BCE Going Deeper - Part 3 - Debugging IP

At the start of 2013, BCE at RTL City was a hole in Luxembourg’s ground and in less than four years they were on air broadcasting 35 different channels across Europe and Singapore. Costas Colombus is BCE’s Technology Projects and Support Director and gave The Broadcast Bridge a unique insight into how they made this mammoth installation work, including describing the issues and how they overcame them along the way.

In this third article in the series we look at the challenges that occur in IP networks, how to detect them, and the network tools needed to fix them.

BCE decided to use a fully redundant system consisting of two routers; Juniper and Arista. During the installation phase, Costas detected problems with the network common to both IP routers; randomly, video feeds would break up with no obvious reason.

To introduce video into the network, BCE’s principle technology contractors SAM, provided video gateways, devices to convert HD-SDI to ST-2022 IP and aggregate many sources onto one 40GB/s fiber.
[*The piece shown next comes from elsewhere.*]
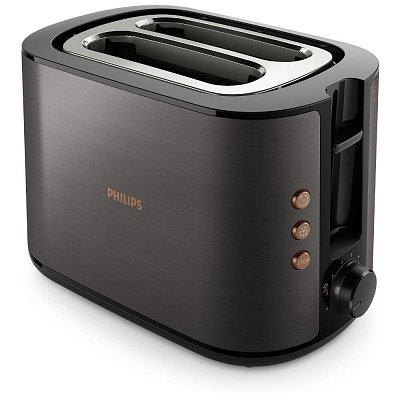 HD2650/30 TOPINKOVAČ PHILIPS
Video disturbances in one of the gateway sources could manifest themselves as dropped packets in the IP domain.

Data mining tools from the IT industry helped log events and hone in on the source of the problems. BCE chose Paessler’s PRTG network monitoring solution to give a deep analysis of the network including lost packets and data rates. Network bandwidth monitoring is achieved using remote hardware devices, or extracting statistics using SNMP and sFlow.

But why is flow monitoring and control so important? Intuitively, we might think that adding a high-speed link between two networks would improve transmission speeds. However, making every link in a network as fast as possible would increase costs disproportionately and negate our wins using Commercial off-the-shelf (COTs) products. And the Braess Paradox demonstrates that adding high speed links between routers doesn’t always increase speeds and could even decrease them. This is counterintuitive and is the subject of a later article.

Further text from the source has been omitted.